== Segment start ==

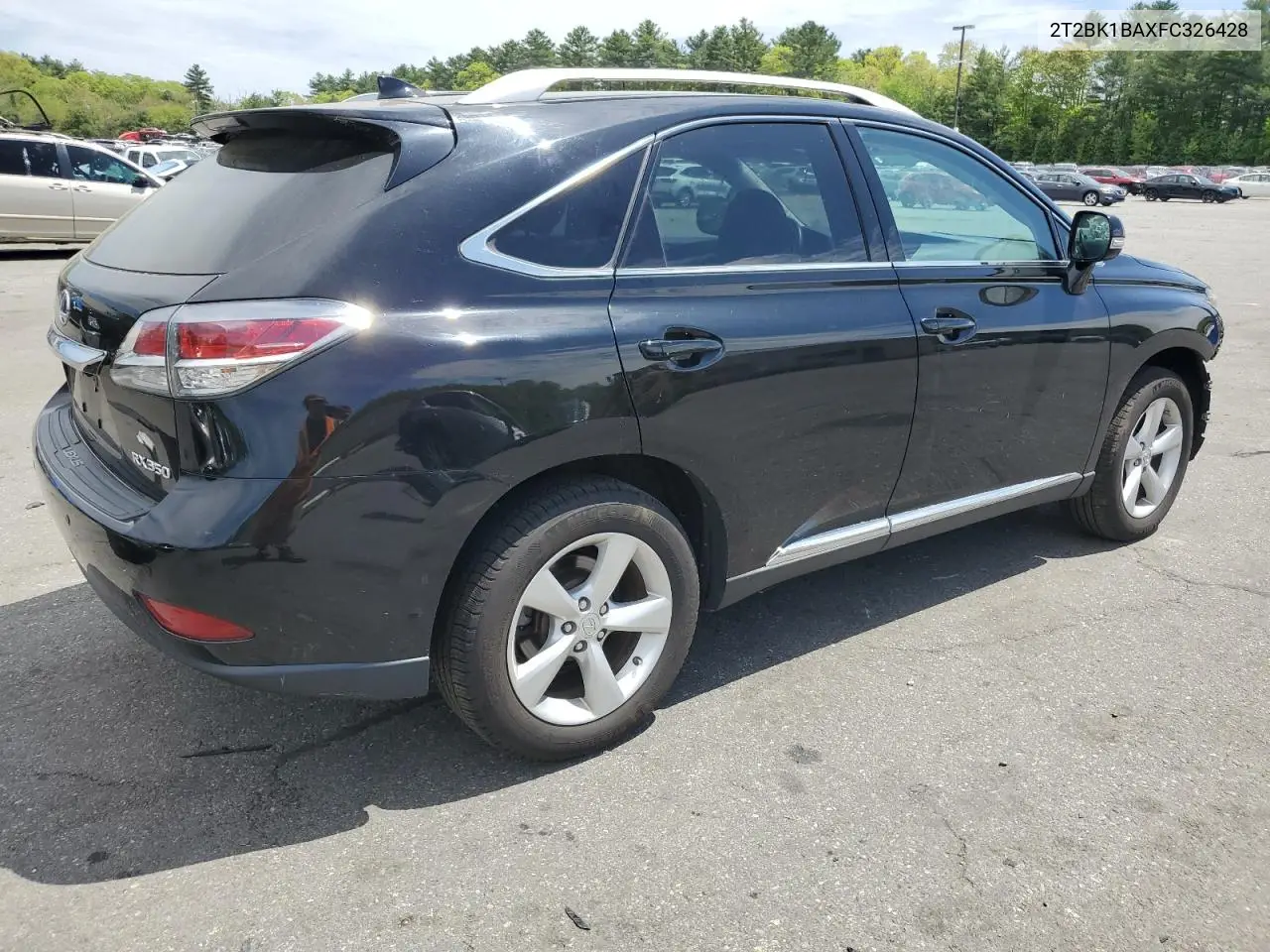 2015 Lexus Rx 350 Base VIN: 2T2BK1BAXFC326428 Lot: 56966755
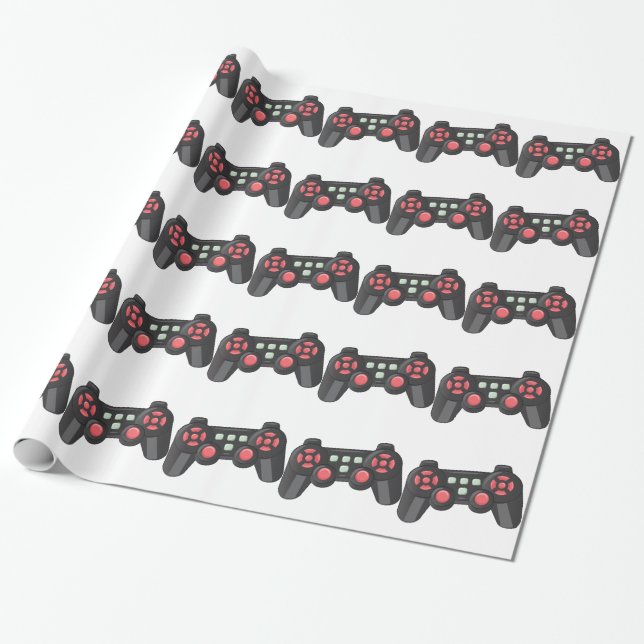 Game Controller Wrapping Paper (Unrolled)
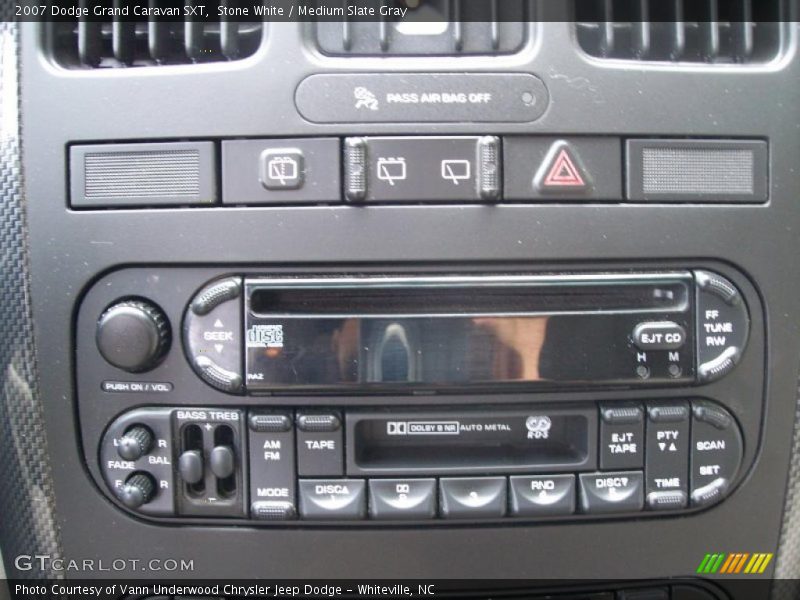 Stone White / Medium Slate Gray 2007 Dodge Grand Caravan SXT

== Segment end ==

» TO DO
Every line from the one bearing "Game Controller Wrapping Paper (Unrolled)" through the end of the data above must be output exactly, and no picture may appear.

» WRITTEN SOLUTION
 Game Controller Wrapping Paper (Unrolled)
 Stone White / Medium Slate Gray 2007 Dodge Grand Caravan SXT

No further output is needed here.